Movies

X-Story Melds Animation, Adventure, and Video Game Aesthetics into a Powerful, Wordless Short

By  · Published on December 9th, 2016

Short of the Day

Stop what you’re doing, you have to see this.

Have you ever wished Metroid was an award-winning animated short? Of course you have, Metroid is awesome. While we might never get the Real McCoy, we’ve been given the next best thing courtesy of Vitaliy Shushko and his film X-Story, a 13-minute short that contains not one single word of dialogue but still manages to tell an engaging tale.

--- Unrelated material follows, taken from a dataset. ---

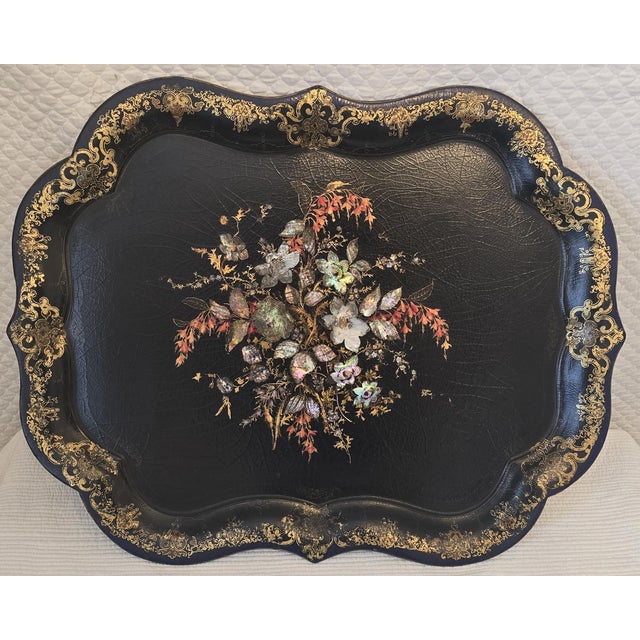 Elegant antique English Regency table featuring a richly lacquered black surface with hand-decorated floral and foliate...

Made over the course of a couple years, X-Story takes place in a future that looks a helluva lot like Ghost in the Shell, Blade Runner, or The Fifth Element, that kind of megacityscape with architecture that mimics circuitry and where the only light sources seem to be fluorescent or neon. Our hero is a treasure hunter with one bionic, prosthetic arm who’s after an ancient technology via an old map that leads him out of the city and into a barren desert where he must navigate the corridors and rooms of a tower that holds the object of his search. But this isn’t just a hide-and-seek sort of story, there’s a big boss at the end who must be defeated if our hero is to be victorious. The animation is smooth and fluid, cell-style so vivid and playful, the music is straight out of Nintendo’s heyday, and the story, even without the aid of dialogue, is intriguing, captivating, unexpected, and even manages to “say” a few things about technological dependence, modern society, and the ramifications of the former dominating the latter

To put it briefly: you gotta watch this, preferably over and over (FYI, rated MATURE). Shushko is ridiculously talented, as his other work reiterates, so you’re better off getting on his bandwagon now, because his is a name you’ll definitely be hearing more of. Your weekend starts right here. Ready Player One?